Gerçekleri kabul edip, gerekli dönüşümlerin sağlanması yaşadığımız 21. yüzyılın vazgeçilmesi olmuştur. Bu dönüşüm sağlanmaz ise daha çok 35 canlar kaybedebiliriz…
Bu ülke çok kimlikli, çok kültürlü, çok inançlı bir ülkedir. Bütün farklılıkların zenginlik olduğu bilinci ile herkesin farklılıklarını özgürce yaşayabileceği hukuki düzenlemelerin yapılması zorunlu hale gelmiştir.
Hala; insanlar Kürt oldukları için, Alevi oldukları için baskı altında olmamalıdırlar. Bu gerici anlayıştan kaynaklanan, çağdışı her türlü uygulamanın ortadan kalkması anayasal statünün yeniden düzenlenmesi sorunudur.

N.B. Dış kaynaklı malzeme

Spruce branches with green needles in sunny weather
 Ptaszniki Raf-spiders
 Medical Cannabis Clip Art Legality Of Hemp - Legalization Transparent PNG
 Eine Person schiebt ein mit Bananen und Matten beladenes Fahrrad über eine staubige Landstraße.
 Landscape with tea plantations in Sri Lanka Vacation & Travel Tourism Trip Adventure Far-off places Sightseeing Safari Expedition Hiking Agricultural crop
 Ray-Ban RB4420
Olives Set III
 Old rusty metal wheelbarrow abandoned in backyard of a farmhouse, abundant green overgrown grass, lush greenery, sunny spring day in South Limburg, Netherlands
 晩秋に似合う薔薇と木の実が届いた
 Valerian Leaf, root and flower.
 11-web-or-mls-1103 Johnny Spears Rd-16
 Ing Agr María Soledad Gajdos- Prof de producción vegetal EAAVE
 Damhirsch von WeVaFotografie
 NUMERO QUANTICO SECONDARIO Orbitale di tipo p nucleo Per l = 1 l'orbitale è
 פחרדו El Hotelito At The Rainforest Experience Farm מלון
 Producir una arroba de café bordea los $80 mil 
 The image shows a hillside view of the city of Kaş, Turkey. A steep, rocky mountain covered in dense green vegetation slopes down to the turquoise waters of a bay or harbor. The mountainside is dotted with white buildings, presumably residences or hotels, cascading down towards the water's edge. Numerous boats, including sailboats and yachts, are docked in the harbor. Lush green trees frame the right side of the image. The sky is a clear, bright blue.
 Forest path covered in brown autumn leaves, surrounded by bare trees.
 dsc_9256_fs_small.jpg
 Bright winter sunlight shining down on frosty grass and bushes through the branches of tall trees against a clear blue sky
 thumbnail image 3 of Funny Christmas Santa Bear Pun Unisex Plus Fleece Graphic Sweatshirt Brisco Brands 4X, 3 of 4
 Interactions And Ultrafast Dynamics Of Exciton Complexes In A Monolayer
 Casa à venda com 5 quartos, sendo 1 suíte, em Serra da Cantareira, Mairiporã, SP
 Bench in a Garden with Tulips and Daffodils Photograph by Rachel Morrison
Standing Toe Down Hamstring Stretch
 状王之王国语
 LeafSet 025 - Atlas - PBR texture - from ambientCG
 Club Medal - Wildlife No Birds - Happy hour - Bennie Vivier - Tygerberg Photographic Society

Sivas davası firari sanıkları için verilen zaman aşımı kararı sonrasında “hayırlı olsun” diyen bir anlayışın yönetimde olduğu bir ülkede demokrasi, barış, kardeşlik ikliminin oluşturulmasının zorluğunu da göz önünde bulundurmak gerekir. Bunun içindir ki; aynı iklimin meyveleri olarak yaşamın her alanında bir baskı ortamı ile karşı karşıyayız.
10 yıllık AKP iktidarı ile bu baskı iklimi kurumsallaştırılmış ve demokrasi isteyen, özgürlük barış isteyen kesimlerin önü her yönü ile tıkanmıştır.
Tabiî ki bu böyle gitmez. Bir yerden kırılacaktır, demokrasi ve özgürlükleri insan haklarını kendilerine
rehber almış daha güzel yarınlar yaratmak isteyen vatandaşların her geçen gün gelişen bir mücadeleleri ve iradeleri var.
İşte 19 yıl sonra Sivas’ta katledilenleri anmak bu mücadelenin daha da büyümesine katkı sunmaktan geçer. Bu katliam hiçbir şekilde unutturulamaz. Yıllardır bu katliamı unutturmak için her türlü yönteme başvuranlara en güzel cevap bugün yine Sivas’tan gelecektir.
Önce bir teşekkür
Geçen haftaki yazılarımdan birinde evimin önündeki sokak aydınlatmasının ampulünün gecenin saat üçünde değiştirilerek yanan ampulün 2 saat yandıktan sonra yanmayan bir ampul ile değiştirildiğini yazmıştım. Gecenin saat üçünde böyle bir değişim işine bir anlam verememiş, bu konunun ilgililer tarafından açıklanmasını talep etmiştim.
Önce ilgililer ampulü yeniden değiştirerek lambanın yanar duruma gelmesini sağladılar, ilgileri için teşekkür ederim. Fakat asıl sorun; bu lüzumsuz sök değiştir, yeniden tak eylemine neden gerek duyulduğu konusudur. Elektrik dağıtım işinin özelleştiği bir konumda özel sektör böylesi verimsiz işleri kabul etmez. Kamunun idaresi döneminde bunun gibi mantıksız işler yapılabiliyordu, çeşitli nedenlerden dolayı.
Ben yöneticilerden bu değişimimin neden yapıldığını öğrenmek istiyorum. Belki bilemediğimiz bir gerçek vardır, biz de yapılan işi ‘mantıksızlık’ olarak değerlendirdiğimiz için haksızlık yapmış olmayalım.